13 JUL 2026 · 11 min de leitura · Por Tauany Vasconcelos (OAB/SP 459.621)
R$LOCALIZAÇÃO DE ATIVOS

O pior cenário da cobrança tem nome: enquanto o processo se arrasta, o devedor esvazia o patrimônio, vende o imóvel, transfere veículos, zera contas, e quando a penhora chega não sobra nada para constringir. O arresto e a tutela de urgência existem para antecipar-se a isso, bloqueando os bens do devedor antes mesmo de a execução alcançar a penhora. É preciso separar dois institutos: o arresto executivo (art. 830 do CPC), automático, em que o oficial que não encontra o devedor para citar mas localiza bens os arresta como pré-penhora; e a tutela cautelar de arresto (arts. 300 e 301 do CPC), pedida pelo credor como tutela de urgência para bloquear patrimônio diante do risco de dilapidação. Nesta segunda via, o credor precisa demonstrar a probabilidade do direito (fumus boni iuris), com prova documental do crédito, e o perigo de dano (periculum in mora), com indícios de que o devedor está se desfazendo dos bens. Presentes os dois, o juiz pode deferir o bloqueio liminarmente, sem avisar o devedor, alcançando contas, imóveis, veículos e participações societárias até o valor da dívida. Este guia explica o que é o arresto, sua diferença para a penhora e o sequestro, os requisitos da medida e quando vale a pena pedir o bloqueio antes de executar, inclusive como ele blinda a cobrança contra a fraude à execução.

Todo credor experiente conhece o pior cenário da cobrança: enquanto o processo se arrasta, o devedor esvazia o patrimônio. Vende o imóvel, transfere veículos, esvazia contas, e quando a penhora finalmente chega não sobra nada para constringir.

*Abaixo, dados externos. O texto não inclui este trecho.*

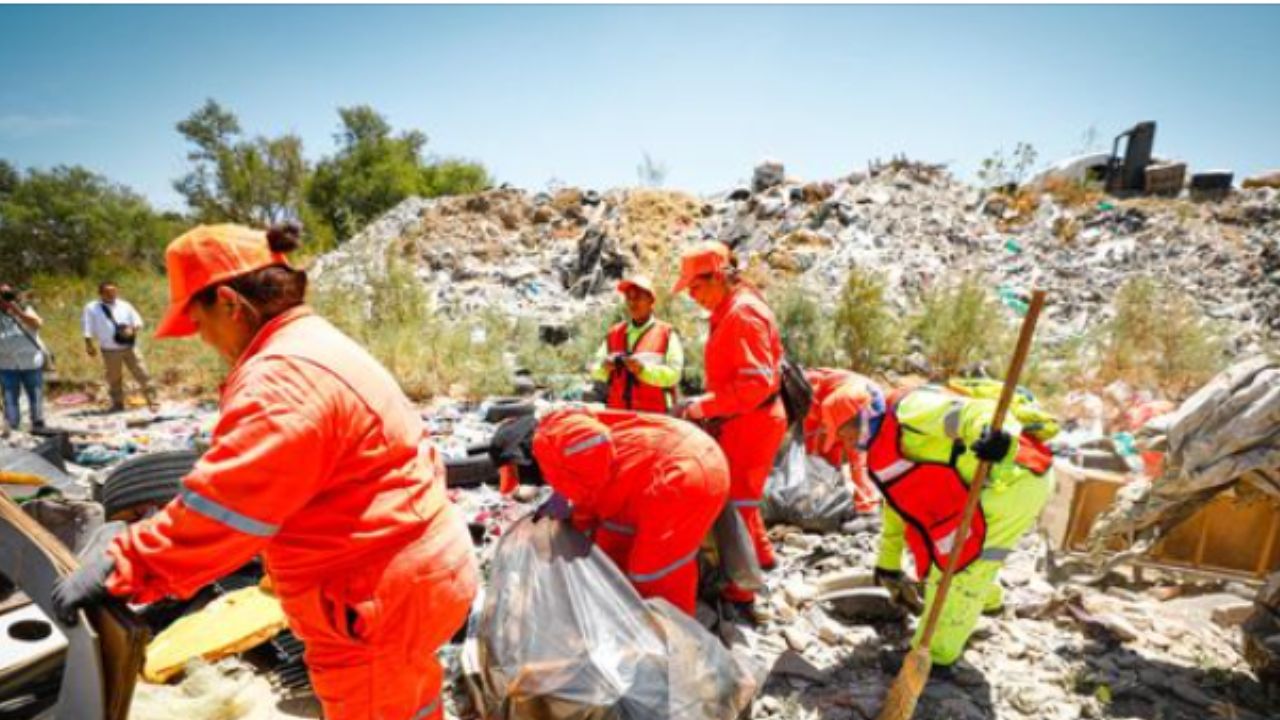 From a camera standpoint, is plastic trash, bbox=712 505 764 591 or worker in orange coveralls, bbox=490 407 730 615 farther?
plastic trash, bbox=712 505 764 591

Existe uma forma de o direito antecipar-se a essa dilapidação: bloquear os bens do devedor antes mesmo de a execução alcançar a fase de penhora, por meio do arresto e da tutela de urgência. É o instrumento que transforma a promessa de receber em garantia concreta de que haverá do que receber.

Este guia explica, do ponto de vista de quem tem crédito a proteger, o que é o arresto, a diferença entre o arresto executivo e a tutela cautelar de arresto, quais são os requisitos para o juiz deferir o bloqueio, como o arresto se distingue da penhora e do sequestro, e em que situações vale a pena pedir a medida logo no início. A ideia central é uma só: garantir cedo o patrimônio que a execução vai precisar depois.

Nota

Este conteúdo é informativo. As referências centrais são o Código de Processo Civil (tutela de urgência, arts. 300 a 310; tutela cautelar e arresto, art. 301; arresto executivo, art. 830) e o Código Civil (fraude contra credores, arts. 158 a 165; e fraude à execução, art. 792 do CPC). Para avaliar o cabimento de uma medida de arresto no seu caso, consulte sempre o advogado responsável.

O que é arresto de bens?

Arresto é a apreensão judicial de bens indeterminados do devedor para garantir uma futura execução por quantia. Em linguagem direta: é bloquear patrimônio hoje para assegurar que, quando a cobrança chegar à penhora, exista algo a penhorar. O arresto não paga o credor nem transfere o bem, apenas o retira da livre disposição do devedor, impedindo que ele seja vendido, transferido ou escondido enquanto a dívida é discutida ou executada.

É importante separar o arresto de outra medida parecida, o sequestro. O arresto recai sobre bens quaisquer do devedor, suficientes para cobrir o valor da dívida em dinheiro. O sequestro recai sobre um bem específico e determinado que é objeto de disputa, por exemplo a própria coisa cuja entrega se pretende. Na cobrança de valores, a medida que interessa é quase sempre o arresto, porque o que o credor quer garantir é uma quantia, não um bem certo.

Arresto executivo e tutela cautelar de arresto: qual a diferença?

A palavra arresto aparece no CPC em dois contextos que convém não confundir, porque servem a momentos diferentes da cobrança.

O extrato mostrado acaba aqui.